Traction motors TM73-68M are four-pole. When the air is supplied through an electric motor of 85 m 3 / min, it has a power of 379 kW (830 A, 504 V, 681 r / min) or 374 kW (900 A, 464 V, 610 r / min). Electric motor weight with gear 2806 kgf.

The shaft of the traction generator through a gearbox with a gear ratio of 2.5 and a clutch is connected to a DC generator and a synchronous auxiliary three-phase current generator. The DC generator is used to charge the battery and power the DC motors of fuel and oil pumps, compressors and other auxiliary machines. The power of this generator is 40.3 kW (448 A, 110 V); The generator is used as a starter when starting a diesel engine. From the auxiliary generator, three-phase current is supplied by asynchronous electric motors of fans of traction electric motors and refrigerators: from the same generator, the rectified current is fed to the heating devices of the cars of the passenger train. Auxiliary generator power 530 kW.

The locomotive has a rheostatic braking, while the electric motor of the fan that cools the brake resistors, is powered by one of the traction electric motors operating in generator mode.

The weight of the locomotive is 126 tf, the maximum speed is 177 km / h. Thrust at a maximum speed of 4500 kgf, at a speed of 30 km / h - 27000 kgf, at a speed of 45 km / h - 18700 kgf.

The locomotive was initially operated and tested on a 1,435 mm gauge on British Railways, and after it was equipped in 1971 with automatic couplings and wheel pairs of 1,520 mm gauge - on the experimental ring of the Central Research Institute of Railway Ministry and a number of railway sections of the Soviet Union.

4000 hp six-axle locomotive Company Brush, often referred to in our literature as "Kestrel", after the tests until the mid-80s was in VNITI, and may be there now, if not written off as scrap metal.

The objectives of its acquisition are not entirely clear, because information obtained as a result of his tests could be found partly from the technical literature, partly through the acquisition and bench testing of individual units. IMHO, this was not the most interesting locomotive to learn.

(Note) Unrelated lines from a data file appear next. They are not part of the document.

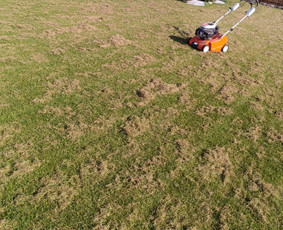 Žolės pjovimas - Vejos aeravimas - 1 Vejos aeravimas - Žolės pjovimas - 1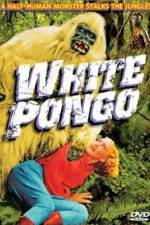 Watch White Pongo Gomovies123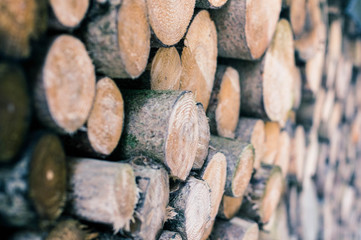 A Heap of fresh cut Timber/Wood in the Forest, January 2018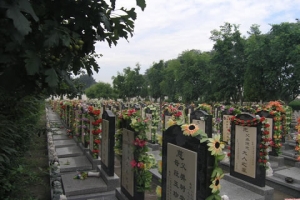 天堂公墓随拍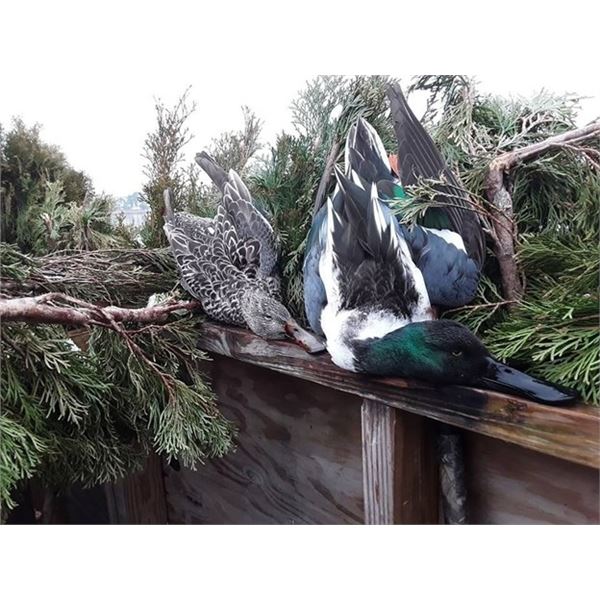 2-Day Maryland’s Eastern Shore Waterfowl Hunt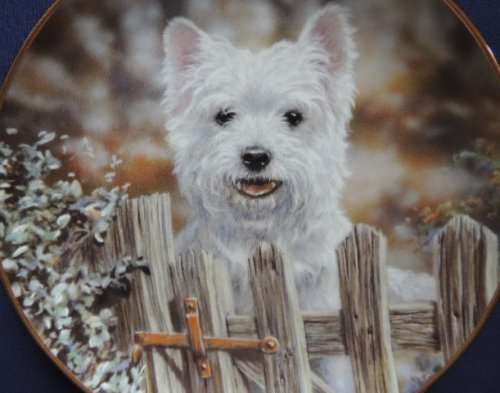 Danbury Mint WESTIES Collector`s Plate - MAY I COME IN?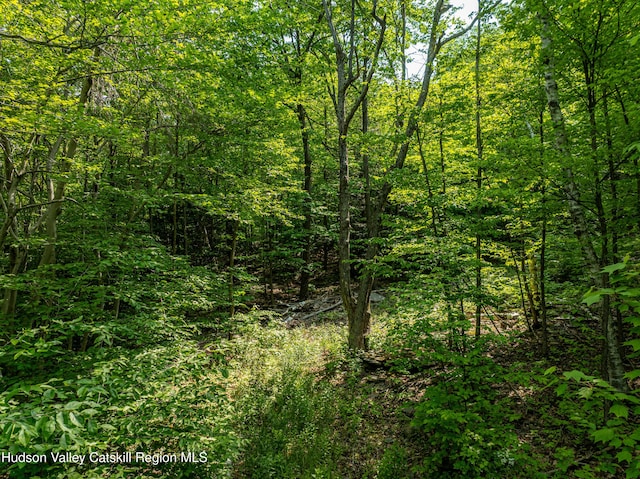 7209 Rte 23, East Durham, NY 12423 - photo 34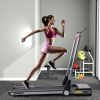 2.5HP Horizontally Foldable Electric Treadmill Motorized Running Machine ; Silver (Expected Arrival Time:4.30)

The running gear of the Kestrel is a two-axle jaw trolley with a two-stage spring suspension, according to the scheme of American heat carrier trucks of the early 50s. The first stage is with inter-axle balancers, the second stage is of the lyulechny type. Due to the well-developed design, this trolley made it possible to realize a design speed of up to 200 km / h; however, in terms of weight and dimensions, it was significantly inferior to domestic ones. The practical interest was represented by separate units: motor-axial bearings, UZK of traction gear, suspension of TED with spherical silent block.

The excessively large dimensions and weight of the carts caused a number of problems with the layout of the units inside the body. Developers had to hang up the motor - a compressor under the body (!), Use roof coolers. The passages in the engine room were too narrow; in the winter, the brigade was difficult to climb. To facilitate the body itself, it was necessary to perform it in the form of a pre-stressed structure, with a bearing shell attached to the frame using resistance spot welding. By the beginning of the 80s, contact welding places rusted and fell out of pressing with a finger. With regard to our operating conditions, such a solution can hardly be considered acceptable.

Kestrel did not enter trial operation, however, for another reason - the fact is that, because of the low front cabin window, the diesel locomotive could only be controlled by sitting. Standing was not visible neither the path nor the signals.

After the end of the first test cycle, the power plant was removed from the locomotive and mounted in VNITI as a diesel test bench, the body was loaded with ballast for dynamic tests under increased load. In the late 70s, the Kestrel locomotive was installed on a branch inside the VNITI courtyard, on the Oka side, and was no longer used.